From the documents I reviewed, it appears to me that Billy is a likeable, essentially normal although somewhat “quirky” kid who has overcome a speech delay and some early Asperger-like problems and is coping well in school. That is also the opinion of his primary physician, who has known him and his family for many years. Because of his early problems, his mother is naturally concerned and wants to do the best for him. In my opinion, Hands On Learning Solutions is taking advantage of a vulnerable mother’s anxiety. I can’t help but wonder if Hands On Learning Solutions evaluations have ever found that a child was perfectly normal and needed no interventions.
They are doing bogus tests along with legitimate ones, and they are accepting false positive results as real and over-interpreting every little observation of his behavior as a sign of a neurologic disorder. They are recommending very expensive interventions that have not been adequately tested. Most often the “scientific evidence” behind those interventions consists of poorly designed studies that measure performance before and after the intervention rather than comparing it to a control group. Uncontrolled studies are particularly problematic for learning disabilities, because children naturally learn and improve over time, and they respond to any kind of attention and tutoring.
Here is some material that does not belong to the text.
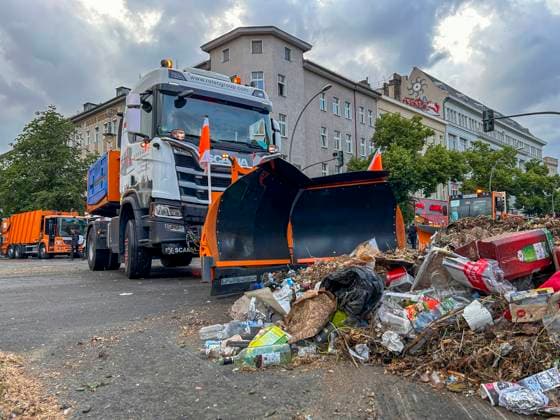 News Themen der Woche KW20 News Bilder des Tages Karneval der Kulturen 2024: Großputz nach dem Fest, Beim Karneval der Kulturen in Berlin bleibt am Ende eine Menge Arbeit. Ordnungskräfte und Reinigungsteams befreien Straßen und Plätze von Müll und Dreck.¨Um die großen Mengen an Abfall zu bewältigen, kommen sogar Räumfahrzeuge mit Räumschilden zum Einsatz, die sonst im Winterdienst verwendet werden. Berlin Berlin Deutschland *** Carnival of Cultures 2024 Big clean-up after the festival, At the Carnival of Cultures in Berlin, a lot of work remains at the end Law enforcement officers and cleaning teams clear streets and squares of garbage and dirt ¨In order to cope with the large amounts of waste, even clearing vehicles with clearing blades are used, which are otherwise used in w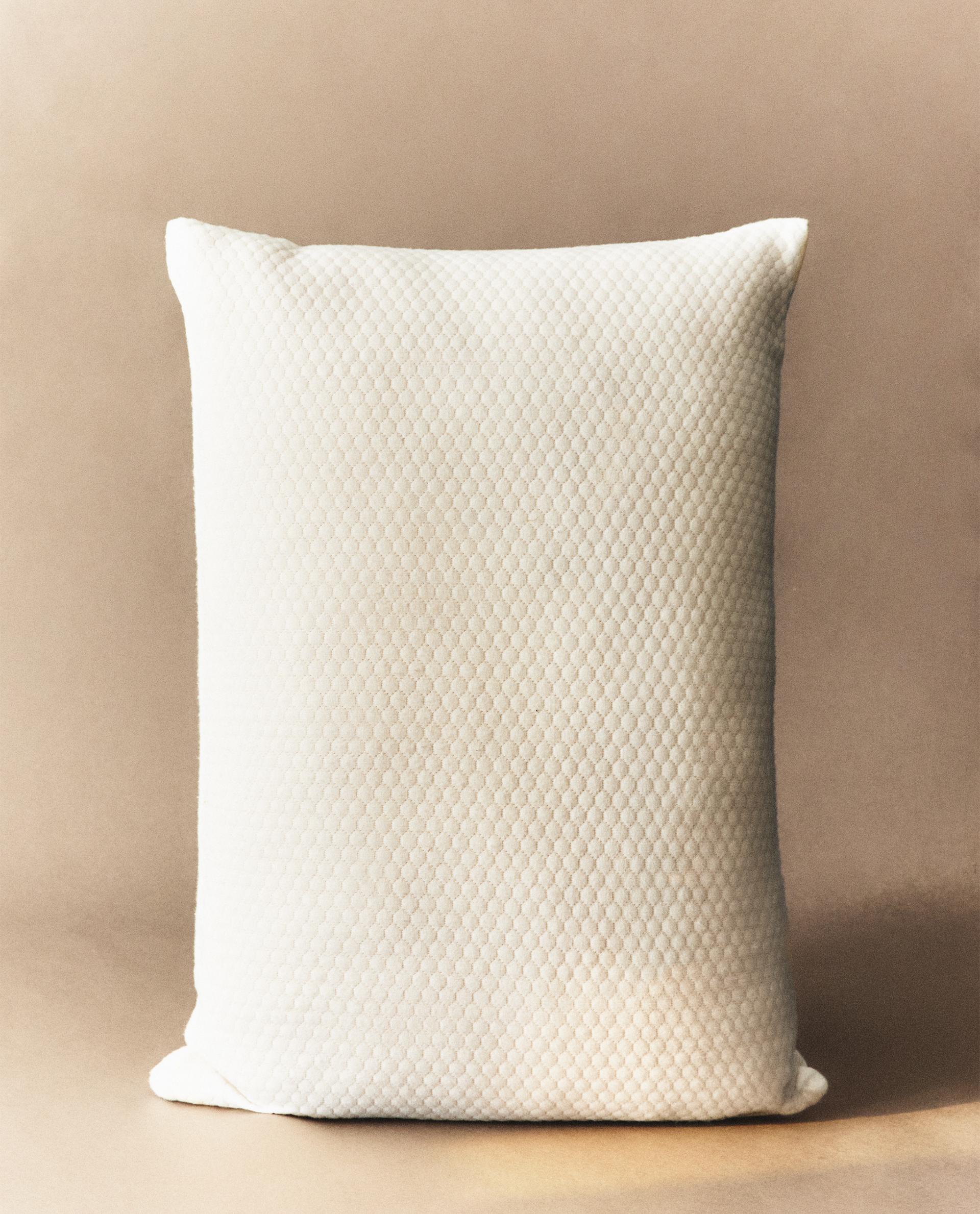 VISCOELASTIC FLAKES PILLOW product thumbnail 2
When a child is labeled as having problems like these, it affects his self-image; and the idea that he has a learning disability may become a self-fulfilling prophecy. Perhaps the saddest thing was one of Billy’s writing samples, where he expressed a belief that he was “losing his memory” because of an injury at age 6 where his head hit the sidewalk. One wonders where he got that idea, since his mother didn’t express any concerns about his memory and his school performance doesn’t suggest any difficulties with memory. This belief doesn’t augur well for his future: if you believe your memory is deficient, you tend not to try as hard to remember things.
I couldn’t help comparing what happened to Billy to what happened to a family member of mine. He was highly intelligent but was getting barely passing grades in high school; he showed little interest or motivation and neglected his homework. His parents took him to a child psychiatrist who evaluated him and reassured them that there was nothing wrong with him. And there wasn’t. He grew up to be a well-adjusted adult with a successful career and no mental health problems. I shudder to think what might have happened if he had gone to Hands On Learning Solutions… Just as I weep to think how much better it might have been for Billy if, instead of being labeled as defective, he had been praised for overcoming his early difficulties and encouraged to continue doing his best.
On a final humorous note, at the top of the report they list Billy’s date of birth as 07/22/2015. Apparently he hadn’t even been born yet when they did their evaluation!